Of his dad, he said, “he drove me crazy sometimes, but always knew he was there loving and supporting me and encouraging me to make it to this point and move onward and upward. Lord knows, he never expected me to be valedictorian.”
So he worked hard, hurled that 16-pound shot put as far as he could — although most champion level shot putters weigh more than 250 pounds. He always loved fiddling with engines — like his neighbor’s lawnmower. So he decided he’d become a mechanical engineer.
Now he’s got a $72,000 scholarship to attend Embry-Riddle Aeronautical University in Prescott, with a year of classes already under his belt.
In his speech, he celebrated his teachers — especially the tough ones who demanded his best.
“To Mr. Fiala my physics teacher I say thank you as he always encouraged me to question the whys of physics which showed me how to think things through.
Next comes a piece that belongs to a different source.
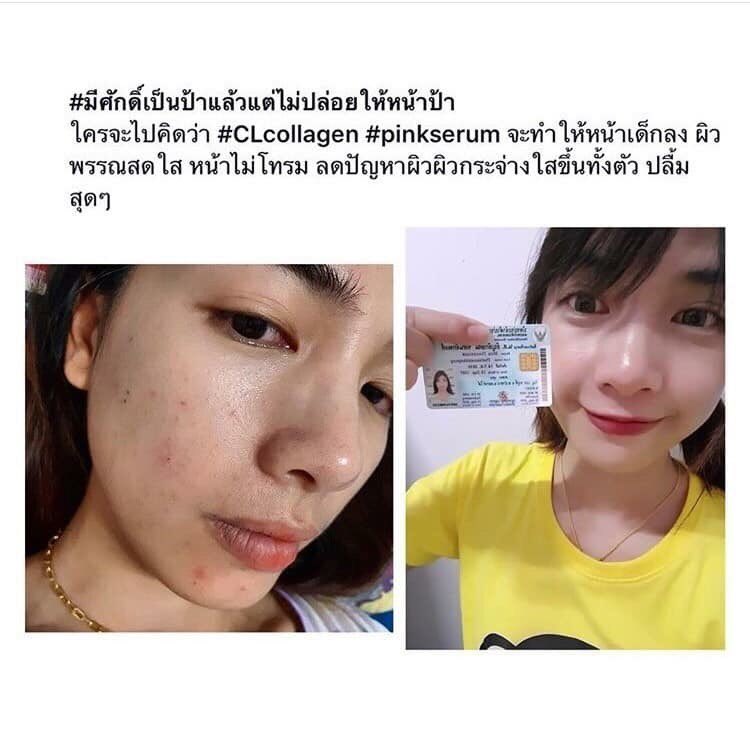 chalisa_tannak's tweet photo. ฟื้นฟูผิวแบบเร่งด่วน ให้สุขภาพดี
ผิวดีระยะยาว ไม่ต้องเจ็บตัวฉีดแพงๆ
....
➡1ชอง 250฿ ผิวก็ดีได้
โปร2แถม1จ่าย 500฿ 🔥🔥 https://t.co/Or79HTPCrb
He also helped me think through and find ways to question my next great adventure.
To Ms. Fowler my English teacher I say thank you for never coming right out and calling my questioning ‘debating everything she said,’ but allowed me to discuss openly with her my thought process on old English literature and let us not forget poetry ... eh, maybe forget the poetry.
And let’s not forget Mr. Meidinger, my math teacher and the only person I’ve seen get mad at us for not talking enough.”
He said he loves Payson and Tonto Basin. He might not find work for a mechanical engineering career here — but he’ll come back, in retirement if nothing else. “I don’t feel like being from Payson is a disadvantage. It’s more about focusing on yourself instead of what others do. People around you won’t bring you down. Kids in Payson just get that rep.”
He said his generation hasn’t gotten a lot of support.
“I feel like what we’re trying to do is worry about the world’s future, not just our future. We’re focused on the long term — and although we’re not getting a lot of support, what they’re doing in some ways is setting us up for success more than anything. We want to focus on being able to save the Earth in a way that will allow our grandkids to actually enjoy the Earth. So like student debt — if they could find some way to lower that efficiently, that would give our kids a better chance for an education.
“I would say our future is something that depends on our kids. You shouldn’t underestimate what they can do in the future — we’re going to be the ones in your shoes, so they should put more effort into the schooling — because everyone comes out better because of it,” he said.
As salutatorian Tara Boyd summed up in her graduation speech, “keep up the good work, everyone. Cheers to the quarantined class of 2020!”